Hakkari'de halk sokakta: Asıl biz sizi tanımıyoruz

Hakkari'de halk, yerine kayyum atanan belediye eşbaşkanı Mehmet Sıddık Akış'a verilen hapis cezası sonrası sokaklara döküldü. Uygulananın bir sömürge hukuku olduğunu ifade eden DEM Parti Eş Genel Başkanı Tuncer Bakırhan, "Kürt halkı, Kürdistan halkı sizi hiç tanımıyor. Biz buranın evlatlarıyız. Bu topraklarda binlerce yıldır yaşıyoruz, yaşamaya da devam edeceğiz" dedi.

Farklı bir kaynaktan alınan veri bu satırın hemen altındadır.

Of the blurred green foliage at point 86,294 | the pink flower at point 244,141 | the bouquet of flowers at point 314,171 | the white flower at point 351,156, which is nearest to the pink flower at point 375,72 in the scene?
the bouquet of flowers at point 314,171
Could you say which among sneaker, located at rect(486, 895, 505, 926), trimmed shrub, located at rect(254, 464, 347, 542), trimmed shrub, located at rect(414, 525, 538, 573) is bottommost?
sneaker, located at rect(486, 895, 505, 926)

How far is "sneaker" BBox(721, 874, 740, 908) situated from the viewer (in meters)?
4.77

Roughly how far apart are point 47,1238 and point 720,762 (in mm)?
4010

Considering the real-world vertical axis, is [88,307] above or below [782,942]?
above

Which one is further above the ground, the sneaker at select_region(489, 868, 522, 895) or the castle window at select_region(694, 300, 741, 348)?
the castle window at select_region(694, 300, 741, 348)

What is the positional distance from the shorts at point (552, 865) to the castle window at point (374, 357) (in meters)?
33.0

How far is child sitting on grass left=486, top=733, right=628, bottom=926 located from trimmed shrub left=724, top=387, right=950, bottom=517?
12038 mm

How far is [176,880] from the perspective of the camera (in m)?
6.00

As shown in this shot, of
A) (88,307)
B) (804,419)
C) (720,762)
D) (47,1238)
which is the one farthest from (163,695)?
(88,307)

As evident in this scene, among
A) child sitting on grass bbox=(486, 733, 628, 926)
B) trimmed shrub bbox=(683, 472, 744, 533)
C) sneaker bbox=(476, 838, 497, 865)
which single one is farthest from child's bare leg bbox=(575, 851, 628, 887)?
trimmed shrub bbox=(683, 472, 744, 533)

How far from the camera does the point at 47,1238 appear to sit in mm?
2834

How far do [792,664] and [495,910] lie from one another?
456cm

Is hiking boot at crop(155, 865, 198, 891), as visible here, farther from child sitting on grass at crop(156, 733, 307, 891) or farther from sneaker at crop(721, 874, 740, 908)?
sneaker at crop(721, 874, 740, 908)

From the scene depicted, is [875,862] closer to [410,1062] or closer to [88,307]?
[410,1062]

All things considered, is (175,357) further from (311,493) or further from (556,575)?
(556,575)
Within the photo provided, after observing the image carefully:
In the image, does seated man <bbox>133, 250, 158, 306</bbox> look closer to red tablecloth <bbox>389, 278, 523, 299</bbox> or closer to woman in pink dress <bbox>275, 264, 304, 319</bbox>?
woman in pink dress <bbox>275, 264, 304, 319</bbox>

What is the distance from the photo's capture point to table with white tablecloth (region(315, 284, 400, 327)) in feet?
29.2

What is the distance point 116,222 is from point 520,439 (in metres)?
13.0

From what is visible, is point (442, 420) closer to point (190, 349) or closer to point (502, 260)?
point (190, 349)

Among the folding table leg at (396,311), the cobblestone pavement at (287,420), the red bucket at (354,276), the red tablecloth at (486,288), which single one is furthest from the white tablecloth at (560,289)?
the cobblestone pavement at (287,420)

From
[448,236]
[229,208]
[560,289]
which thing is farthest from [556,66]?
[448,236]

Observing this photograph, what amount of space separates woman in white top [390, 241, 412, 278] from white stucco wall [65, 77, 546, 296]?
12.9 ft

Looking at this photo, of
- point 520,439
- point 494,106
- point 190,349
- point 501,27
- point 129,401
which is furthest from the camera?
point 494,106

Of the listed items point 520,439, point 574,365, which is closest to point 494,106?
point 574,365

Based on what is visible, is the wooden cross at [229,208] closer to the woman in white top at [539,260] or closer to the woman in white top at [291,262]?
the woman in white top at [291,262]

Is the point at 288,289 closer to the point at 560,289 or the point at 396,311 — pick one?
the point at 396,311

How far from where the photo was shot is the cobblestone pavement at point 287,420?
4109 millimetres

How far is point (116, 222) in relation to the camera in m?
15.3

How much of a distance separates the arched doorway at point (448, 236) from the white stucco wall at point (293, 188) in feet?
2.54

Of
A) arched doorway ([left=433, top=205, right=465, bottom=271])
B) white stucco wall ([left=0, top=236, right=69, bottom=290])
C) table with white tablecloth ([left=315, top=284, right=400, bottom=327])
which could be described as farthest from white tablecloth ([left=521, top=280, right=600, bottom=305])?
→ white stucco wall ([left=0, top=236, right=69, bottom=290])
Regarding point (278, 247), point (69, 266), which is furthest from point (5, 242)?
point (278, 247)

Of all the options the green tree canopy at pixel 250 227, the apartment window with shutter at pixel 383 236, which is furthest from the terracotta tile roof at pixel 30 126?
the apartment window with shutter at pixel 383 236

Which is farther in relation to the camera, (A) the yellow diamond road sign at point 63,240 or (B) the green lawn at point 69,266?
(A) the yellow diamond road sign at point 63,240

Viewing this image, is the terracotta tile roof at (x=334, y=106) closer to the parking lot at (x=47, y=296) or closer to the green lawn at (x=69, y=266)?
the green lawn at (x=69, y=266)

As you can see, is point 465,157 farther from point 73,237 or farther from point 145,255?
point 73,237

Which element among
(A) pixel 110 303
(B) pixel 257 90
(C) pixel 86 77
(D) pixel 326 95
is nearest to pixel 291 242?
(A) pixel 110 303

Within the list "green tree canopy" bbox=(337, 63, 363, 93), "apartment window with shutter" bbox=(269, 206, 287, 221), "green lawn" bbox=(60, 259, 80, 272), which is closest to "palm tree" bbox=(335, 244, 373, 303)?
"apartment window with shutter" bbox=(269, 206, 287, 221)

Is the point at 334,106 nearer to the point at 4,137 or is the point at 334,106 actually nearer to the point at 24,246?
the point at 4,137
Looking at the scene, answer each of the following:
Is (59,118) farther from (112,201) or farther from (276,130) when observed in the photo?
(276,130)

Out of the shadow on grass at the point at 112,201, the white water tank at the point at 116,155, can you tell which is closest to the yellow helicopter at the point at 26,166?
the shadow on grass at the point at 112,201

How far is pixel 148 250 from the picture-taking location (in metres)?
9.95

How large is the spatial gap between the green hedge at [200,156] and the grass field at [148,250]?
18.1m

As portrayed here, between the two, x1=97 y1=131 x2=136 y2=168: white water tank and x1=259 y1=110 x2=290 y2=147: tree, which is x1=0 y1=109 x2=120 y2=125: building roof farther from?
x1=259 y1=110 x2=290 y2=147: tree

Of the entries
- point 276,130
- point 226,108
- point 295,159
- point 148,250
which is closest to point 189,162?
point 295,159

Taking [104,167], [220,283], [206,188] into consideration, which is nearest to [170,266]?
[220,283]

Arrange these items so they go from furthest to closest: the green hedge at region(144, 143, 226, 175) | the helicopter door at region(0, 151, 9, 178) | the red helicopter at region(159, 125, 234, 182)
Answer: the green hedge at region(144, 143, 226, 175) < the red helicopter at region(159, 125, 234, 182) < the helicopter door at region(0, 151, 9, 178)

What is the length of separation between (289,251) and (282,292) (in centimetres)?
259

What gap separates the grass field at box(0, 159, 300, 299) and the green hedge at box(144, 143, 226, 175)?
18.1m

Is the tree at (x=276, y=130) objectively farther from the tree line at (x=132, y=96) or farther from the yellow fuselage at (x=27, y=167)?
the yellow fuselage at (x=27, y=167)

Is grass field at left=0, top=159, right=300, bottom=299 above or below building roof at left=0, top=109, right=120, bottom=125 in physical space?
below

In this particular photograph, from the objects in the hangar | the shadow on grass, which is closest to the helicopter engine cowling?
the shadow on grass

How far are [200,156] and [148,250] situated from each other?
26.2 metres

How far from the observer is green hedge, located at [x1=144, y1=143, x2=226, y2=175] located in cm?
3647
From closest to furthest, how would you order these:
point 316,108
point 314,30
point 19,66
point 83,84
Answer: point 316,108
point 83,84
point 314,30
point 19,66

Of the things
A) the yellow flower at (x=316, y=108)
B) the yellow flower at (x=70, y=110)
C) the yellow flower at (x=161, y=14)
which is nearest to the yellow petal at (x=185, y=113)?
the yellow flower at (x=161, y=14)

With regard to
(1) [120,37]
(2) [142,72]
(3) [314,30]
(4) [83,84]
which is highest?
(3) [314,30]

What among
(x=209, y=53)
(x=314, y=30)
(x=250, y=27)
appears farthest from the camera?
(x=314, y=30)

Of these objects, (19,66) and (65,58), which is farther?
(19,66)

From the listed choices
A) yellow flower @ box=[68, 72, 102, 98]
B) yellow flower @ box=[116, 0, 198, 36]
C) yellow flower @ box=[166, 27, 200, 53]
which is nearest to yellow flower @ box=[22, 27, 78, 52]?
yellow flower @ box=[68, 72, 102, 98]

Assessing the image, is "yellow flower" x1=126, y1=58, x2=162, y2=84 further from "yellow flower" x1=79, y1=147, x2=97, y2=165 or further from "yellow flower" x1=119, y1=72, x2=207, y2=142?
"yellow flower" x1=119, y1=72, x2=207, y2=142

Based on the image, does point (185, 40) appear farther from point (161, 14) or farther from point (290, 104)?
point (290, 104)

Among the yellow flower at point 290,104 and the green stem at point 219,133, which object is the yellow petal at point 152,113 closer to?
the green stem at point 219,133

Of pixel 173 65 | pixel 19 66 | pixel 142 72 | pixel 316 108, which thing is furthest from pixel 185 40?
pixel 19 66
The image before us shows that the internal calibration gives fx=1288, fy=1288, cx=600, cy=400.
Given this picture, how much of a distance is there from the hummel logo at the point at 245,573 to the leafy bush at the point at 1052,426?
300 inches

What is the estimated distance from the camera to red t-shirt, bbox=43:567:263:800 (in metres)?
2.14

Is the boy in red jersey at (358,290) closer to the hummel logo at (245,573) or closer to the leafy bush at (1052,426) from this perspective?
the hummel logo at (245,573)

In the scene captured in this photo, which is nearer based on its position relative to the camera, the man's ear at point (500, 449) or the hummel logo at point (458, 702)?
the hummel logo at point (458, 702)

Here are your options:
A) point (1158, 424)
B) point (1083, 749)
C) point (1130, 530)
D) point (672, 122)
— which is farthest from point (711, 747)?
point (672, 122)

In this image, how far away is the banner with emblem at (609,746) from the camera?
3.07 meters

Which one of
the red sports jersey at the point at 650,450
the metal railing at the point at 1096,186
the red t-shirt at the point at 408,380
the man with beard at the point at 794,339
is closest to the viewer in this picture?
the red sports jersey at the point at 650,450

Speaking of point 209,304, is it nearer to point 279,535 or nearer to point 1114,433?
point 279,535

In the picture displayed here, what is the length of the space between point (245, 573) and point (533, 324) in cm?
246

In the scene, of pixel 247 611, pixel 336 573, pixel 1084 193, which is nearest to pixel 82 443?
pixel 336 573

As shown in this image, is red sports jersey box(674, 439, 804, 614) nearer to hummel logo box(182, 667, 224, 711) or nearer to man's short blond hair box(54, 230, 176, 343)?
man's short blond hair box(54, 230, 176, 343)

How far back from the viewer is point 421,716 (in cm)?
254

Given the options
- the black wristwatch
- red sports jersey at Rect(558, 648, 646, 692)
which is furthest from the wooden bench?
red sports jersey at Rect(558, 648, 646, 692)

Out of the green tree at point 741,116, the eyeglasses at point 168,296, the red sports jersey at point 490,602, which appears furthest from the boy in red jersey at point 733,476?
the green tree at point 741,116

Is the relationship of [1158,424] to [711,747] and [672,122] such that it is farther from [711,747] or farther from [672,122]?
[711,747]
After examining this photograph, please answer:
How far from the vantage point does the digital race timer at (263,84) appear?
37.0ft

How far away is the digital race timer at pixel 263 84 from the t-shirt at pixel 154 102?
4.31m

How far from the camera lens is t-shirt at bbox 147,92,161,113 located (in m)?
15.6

Hakkari'de 31 Mart yerel seçimlerinde Halkların Eşitlik ve Demokrasi Partisi'nden (DEM Parti) seçilen belediye eşbaşkanı Mehmet Sıddık Akış'ın yerine kayyum atanarak tutuklanması sonrası kentte halk sokaklara döküldü.

Halkların Eşitlik ve Demokrasi Partisi (DEM Parti) Eş Genel Başkanı Tülay Hatimoğulları, oturma eylemi başlattıkları adliye önünde açıklama yaptı.

'İKTİDAR HALKA, SEÇME VE SEÇİLME HAKKINA DÜŞMAN'
"Sözüm ona yıllarca askeri darbeye karşı siyaset yapan, askeri vesayet rejiminden ülkeyi kurtaracağını söyleyen AKP iktidarı bugün kendisinin güçlendirdiği teşkilatla, polisle, valiyle darbe yapıyor. İçişleri Bakanıyla birlikte darbe yapıyor. Adalet Bakanı bu darbeye çanak tutuyor" diyen Hatimoğulları, iktidarın halkın seçme ve seçilme hakkına düşman olduğunu söyledi.

"Bugün düzmece ve kurmaca bir senaryoyla 19 yıl 6 ay ceza verilen Mehmet Sıddık Hakkari'deki halkın iki oyundan birini almıştır" diyen Hatimoğulları, DEM Parti'nin seçim başarısını hazmedemeyen AKP'nin bu şekilde intikam aldığını kaydetti.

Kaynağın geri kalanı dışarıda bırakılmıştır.